Tengo translado...Nooooooooo! Once again I've grown too attached to this area. I've been here for the past 4 and half transfers and I can't even begin to describe the change I've seen this area go through. Lets just say when I came in, the area had a record of nearly 0 investigators at church for two transfers. That record continued until January, and then just yesterday we had three investigators come to church...and one of them (Jose) is super solid.
It was probably one of the best Sundays of my mission. The branch was very impressed as well, they all seemed to be a lot more happier and willing to participate in the classes. Hopefully, yesterday helped provide an increase in testimony for the members. Elder Pierce and I analyzed what we did different this week that really helped investigators come to church, and the answer we came up with was that we were relentlessly following up with people. Following is so key when you are in a leadership position. People are imperfect, and area always getting distracted. Good leaders need to gently remind and recommit people to invitations. Elder Pierce and I were joking around a little about this would apply to after the mission and we joked about how we'll have to follow up every other day with our future fiances after we commit to marriage. Probably not, but I think we should always be renewing our commitments that we make every so often. Kind of like how we need to take the Sacrament every, it's kind of like the Lord following with the commitments we made at baptism.
This past week has been incredible. We committed Jose to baptism. He'd been holding out on us for the past few weeks, but we finally explained to him the purpose of the Sacrament and how after we are baptized we continue to grow and repent, he seemed a little more relaxed and committed to the 18 of May. We'll se what happens, he might move to Housten.
So this next transfer I am headed to Clinton, OK. It's a rural city about 40 minutes outside of OKC. It'll be an English speaking area. However, its a bit of a wierd situation.
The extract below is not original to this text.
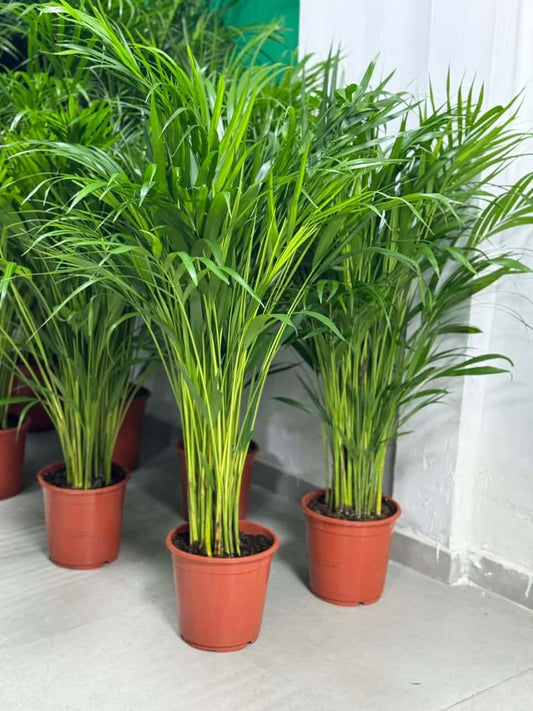 Areca Palm Plant - Indoor - Chrysalidocarpus lutescens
I'll be in a trio with an English companion (Elder Beuss I think is his name) and then we will both be training a new missionary in Spanish. This new missionary will be a temporary missionary because he is waiting on a visa to go to Argentina where he was originally called. I'm excited. Mostly, I'm excited for a change of scenery. I hope I get to see some lightening storms more in the rural areas, they've got to look a lot cooler.
Ok, fun experience last night. We had about 30 minutes left in the day til we had to return to our apartments. We had planned to visit a potential investigator and so we thought it wise to follow-through with our plans. We pulled up to this house only to see a few Hispanic people outside blasting loud mariachi music. At first, we felt a little scared or doubtful. I've learned that when these feelings enter your mind you need to just grit your teeth and do it. Because God did not give us the spirit of fear but of faith and power. So we boldly approached the house. A few hispanics, happily greeted us and we started a conversation. We met a guy named Cruz who was drinking bottled water. He was solid. The other men were all holding glass bottles of beer and were all a little tipsy.
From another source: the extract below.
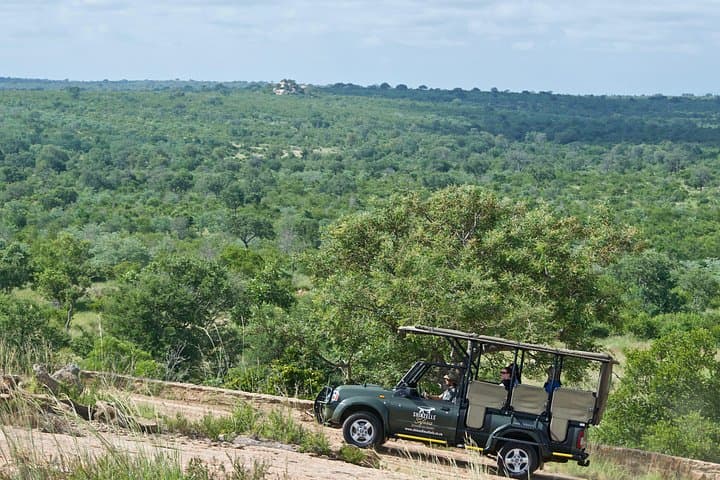 4-Day Kruger Safari from Hazyview: Big Five, Open-Top Game Drives & Gecko Lodge photo 3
They even offered us a beer. Especially this one man named Omar. He was very happy to see us, but he was very out of it and kept trying to give us a beer while we had to keep saying over and over "No tomamos!" It was fun. I don't think I've ever been offered a beer before my whole life, let alone have someone try to shove one in my hand. It felt good to stick to my standards and boldly tell them "No tomamos, es mal por su cuerpo. Uds, no deben tomar tambien." We'd tell them kindly that they shouldn't drink and they'd all chuckle in agreement. It was a fun experience.
Throughout it all, even though it was a hostile venue, we were able to maintain our image as missionaries and I think that made an impression on them. Omar specifically told us to come back when he was less berracho. We got information for a few other potentials as well. Overall, it was a very fun experience. As long as you have the Spirit and have a strong sense of your purpose you don't have to fear.
I think that's it for this week. I'm excited to train again this next transfer. Apparently there's a lot of Spanish speakers in Clinton as well, maybe we can get something started who knows?
This past week I've especially gained a very strong testimony that the Doctrine of Christ is what propels us to change our nature. As I've applied the DoC to myself, I've seen change take place. I also know that change does not happen very quickly. Just because it doesn't happen quickly doesn't mean that change isn't happening. You've got to stay strong and diligent. I used to not be able to speak or understand spanish very well, but after a year of practice, I've seen a change.
The area I'm leaving was considered to be a slow area...now it's starting to pick up. All because of applied faith in Christ, repentance, baptism, holy ghost and endurance to the end, the Lord is able to work miracles.
And if it works for a simple proselyting area, it'll work for every situation no matter how small, or silly it may seem. Counsel with the Lord in everything you do. Pray earnestly. Always seek for improvement. If we don't seek improvement, improvement won't happen.
I love you all, and I hope everything is well at home.